Quickstart

intake-mongo provides quick and easy access to tabular data stored in MongoDB

This plugin reads MongoDB collections without random access: there is only ever a single partition.

Installation

To use this plugin for intake, install with the following command:

conda install -c intake intake-mongo

Usage

Ad-hoc

After installation, the function intake.open_mongo will become available. It can be used to fetch a collection from the MongoDB server, and download the results as a list of dictionaries.

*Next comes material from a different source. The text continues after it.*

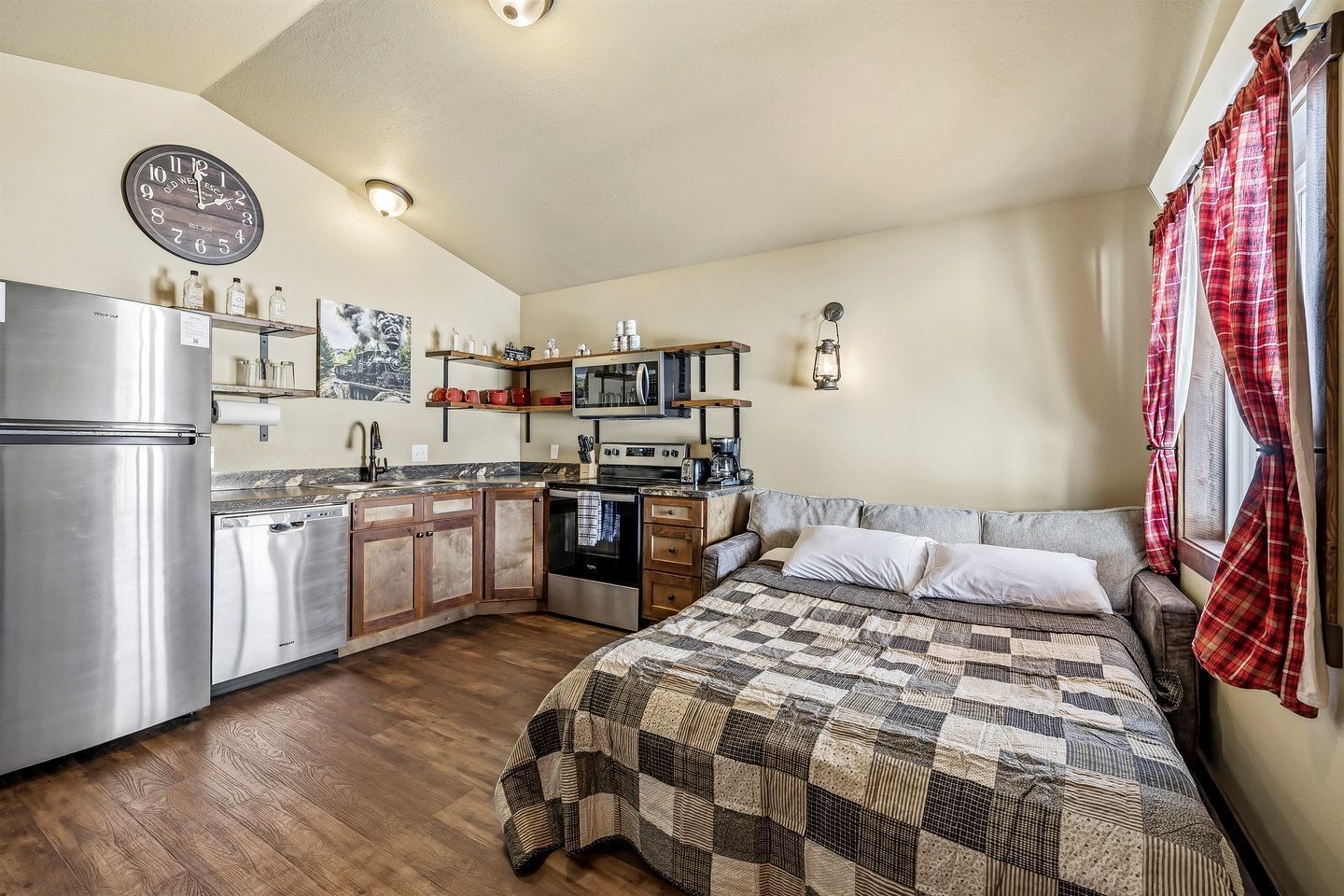 1 dormitorio, tabla de planchar con plancha, wifi y ropa de cama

The parameters are of interest when defining a data source:

  • uri: a string like 'mongodb://localhost:27017' to reach the server on. Additional connection information can be supplied as part of the URI or with the separate connection_kwargs parameter (a key-value dictionary).
  • db: the name of the mongo database to access
  • collection: a string like 'test_collection' identifying a dataset on the server, within the given database
  • find_kwargs: a broad range of possible parameters to pass to the find method, including filtering, sorting, choosing of fields

Creating Catalog Entries

To include in a catalog, the plugin must be listed in the plugins of the catalog:

plugins:
  source:
    - module: intake_mongo

and entries must specify driver: mongo.

Using a Catalog

A full entry might look like:

sources:
  sample1:
    driver: mongo
    args:
      uri: "mongodb://localhost:27017"
      db: "test-database"
      collection: mycollection
      connect_kwargs: {"ssl": true}
      find_kwargs: {'projection': ['field1', 'field2]}
      _id: false

In this case, we specify a connection to the local machine, connect with SSL activated, and select only “field1” and “field2” of mycollection to retrieve, with the default ID column not included in the output.

Note that the set of options available will depend on the version of pymongo installed.